#### Collected material:
-- -- --

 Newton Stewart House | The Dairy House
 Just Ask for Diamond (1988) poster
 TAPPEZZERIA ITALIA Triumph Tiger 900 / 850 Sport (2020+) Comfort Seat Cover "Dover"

-- -- --

#### What to work on:
Output every line above so that it reads exactly as before.

#### Written answer:
 Newton Stewart House | The Dairy House
 Just Ask for Diamond (1988) poster
 TAPPEZZERIA ITALIA Triumph Tiger 900 / 850 Sport (2020+) Comfort Seat Cover "Dover"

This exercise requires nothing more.